DATA RECORDS Block Start

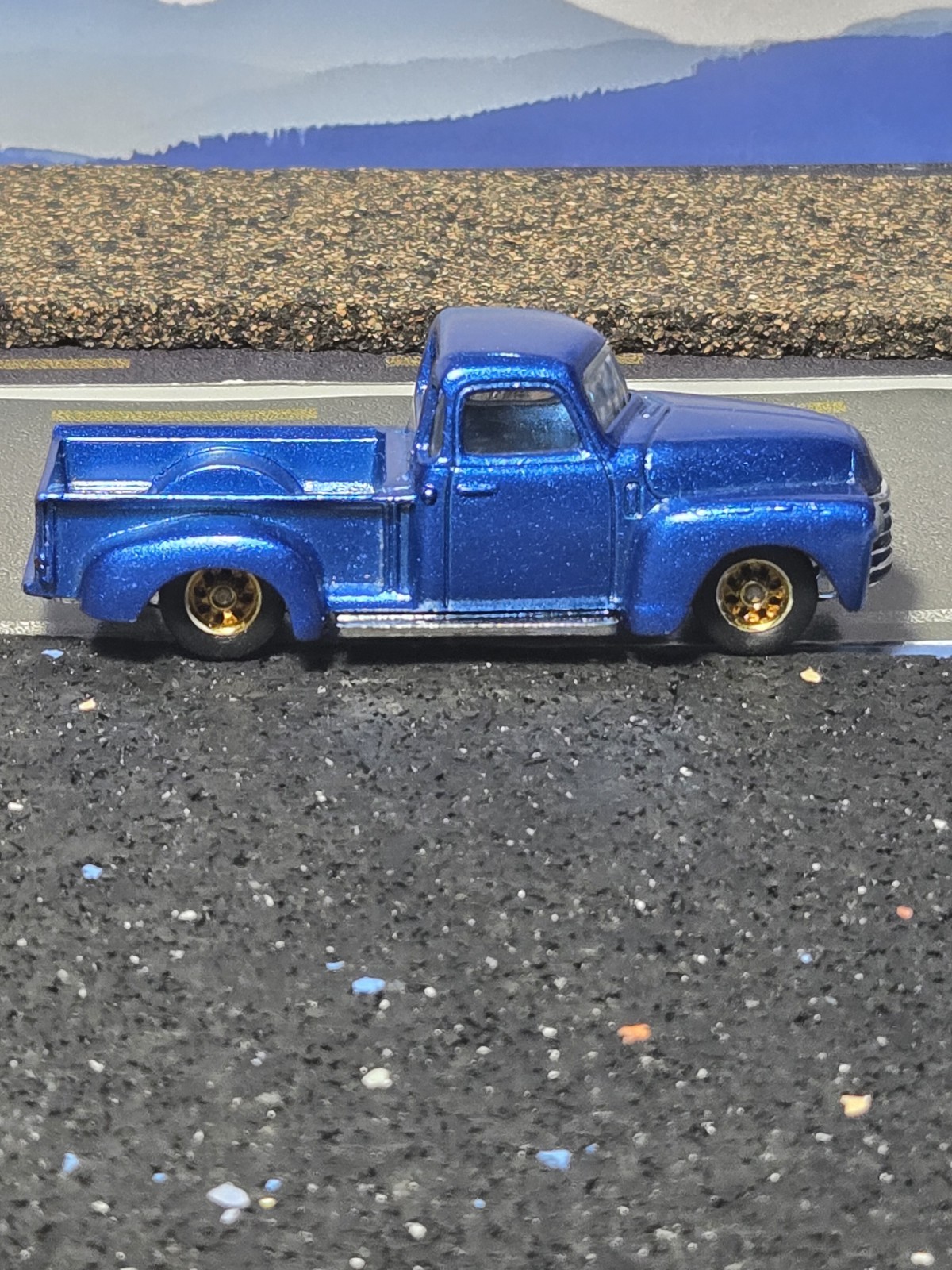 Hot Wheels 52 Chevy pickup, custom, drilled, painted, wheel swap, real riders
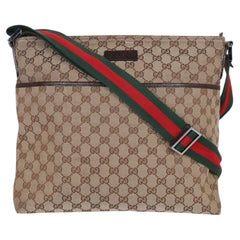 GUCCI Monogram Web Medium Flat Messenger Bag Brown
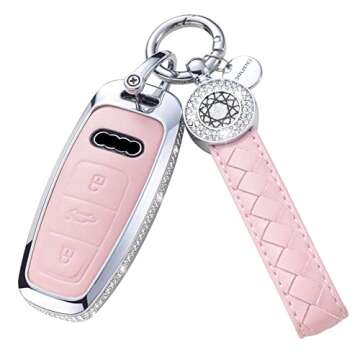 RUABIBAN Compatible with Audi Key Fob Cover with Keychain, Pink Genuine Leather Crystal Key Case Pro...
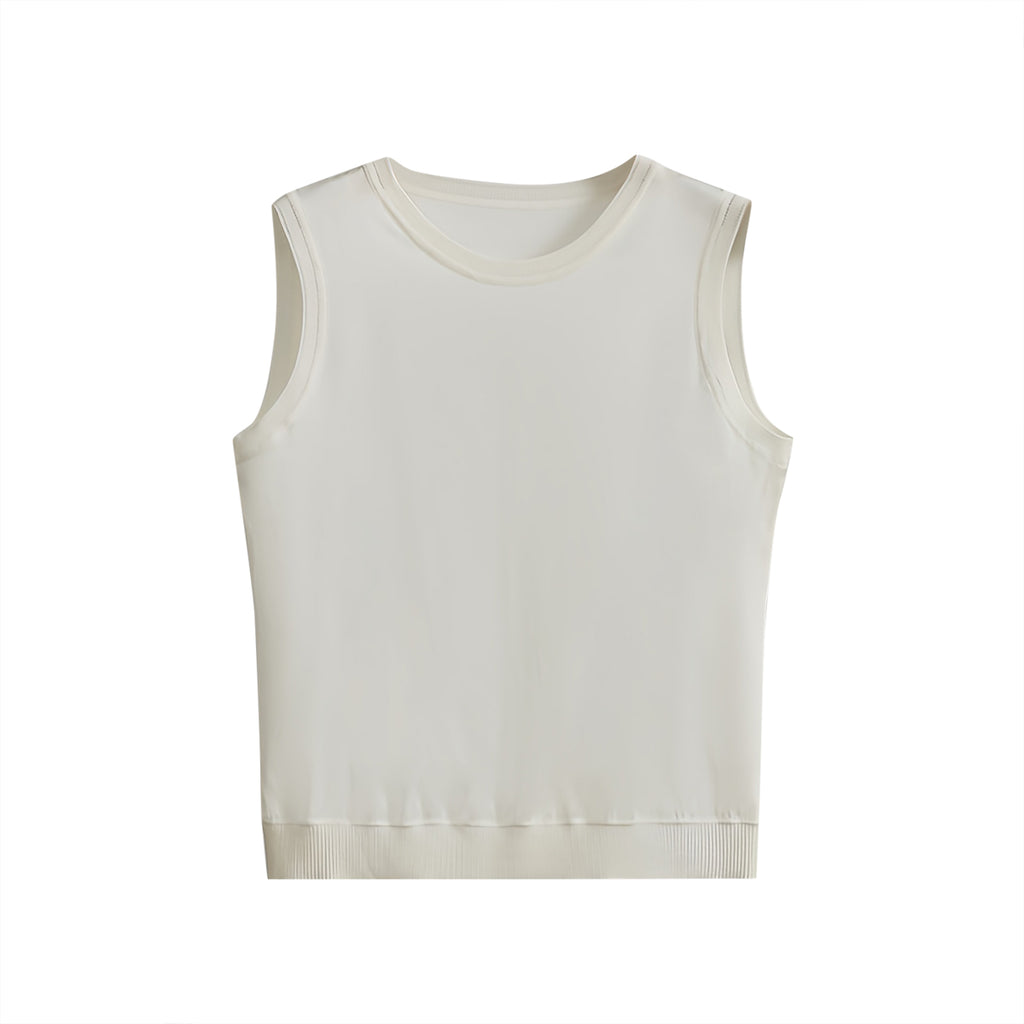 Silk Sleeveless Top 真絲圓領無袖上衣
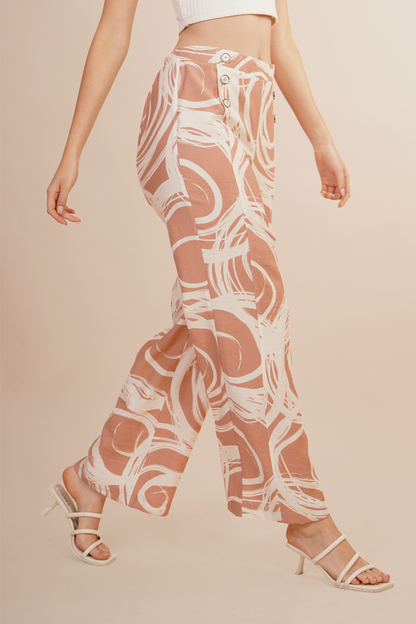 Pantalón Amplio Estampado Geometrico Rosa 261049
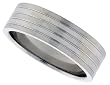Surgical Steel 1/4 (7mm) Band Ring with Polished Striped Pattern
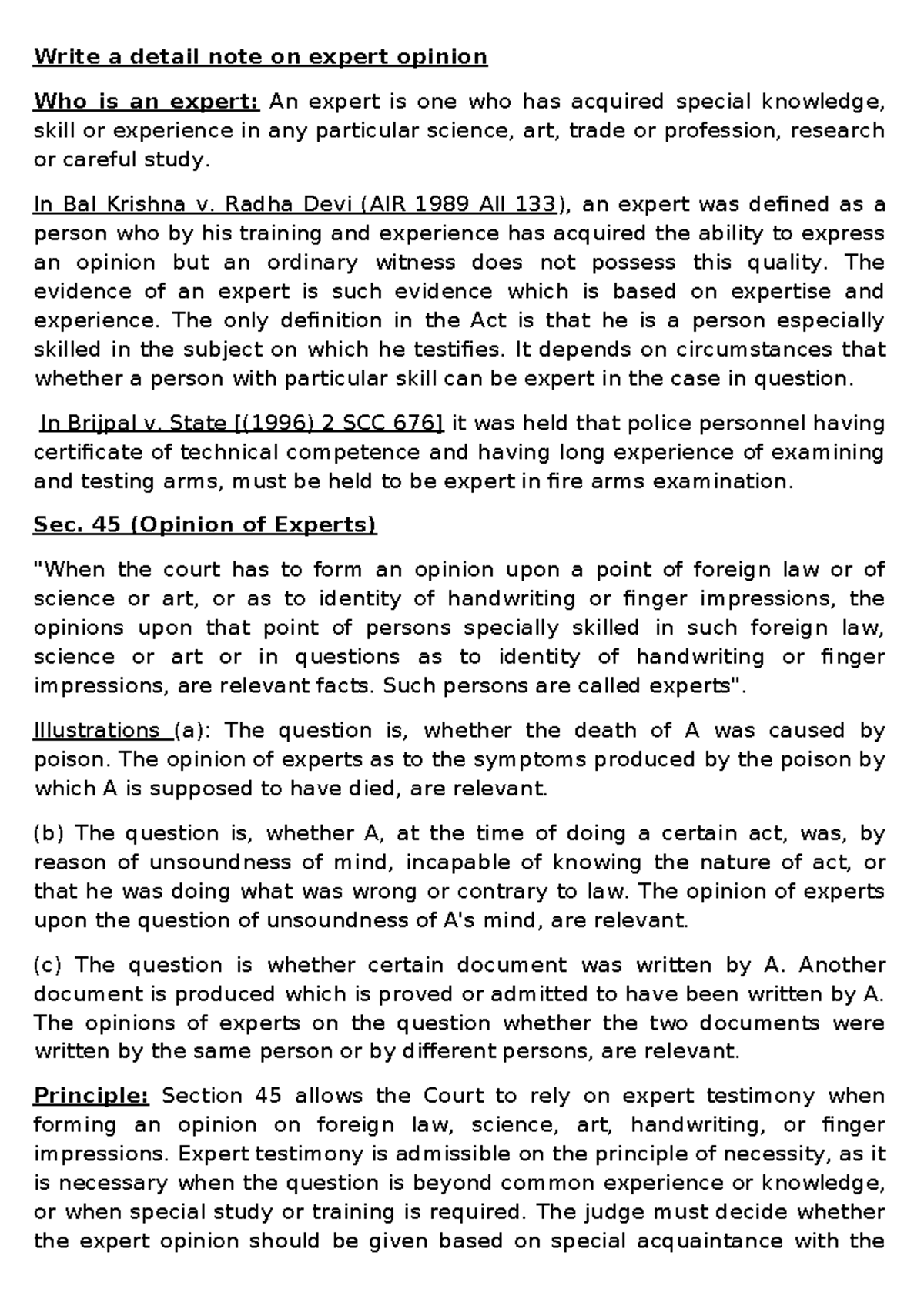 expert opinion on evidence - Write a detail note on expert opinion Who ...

DATA RECORDS Block End

§ YOUR TASK: Above are records with pictures. Reproduce exactly only the lines from the line with "GUCCI Monogram Web" through the line with "Pantalón Amplio Estampado", both ends included, and leave the pictures out.

§ RESPONSE TO THE TASK:
 GUCCI Monogram Web Medium Flat Messenger Bag Brown
 RUABIBAN Compatible with Audi Key Fob Cover with Keychain, Pink Genuine Leather Crystal Key Case Pro...
 Silk Sleeveless Top 真絲圓領無袖上衣
 Pantalón Amplio Estampado Geometrico Rosa 261049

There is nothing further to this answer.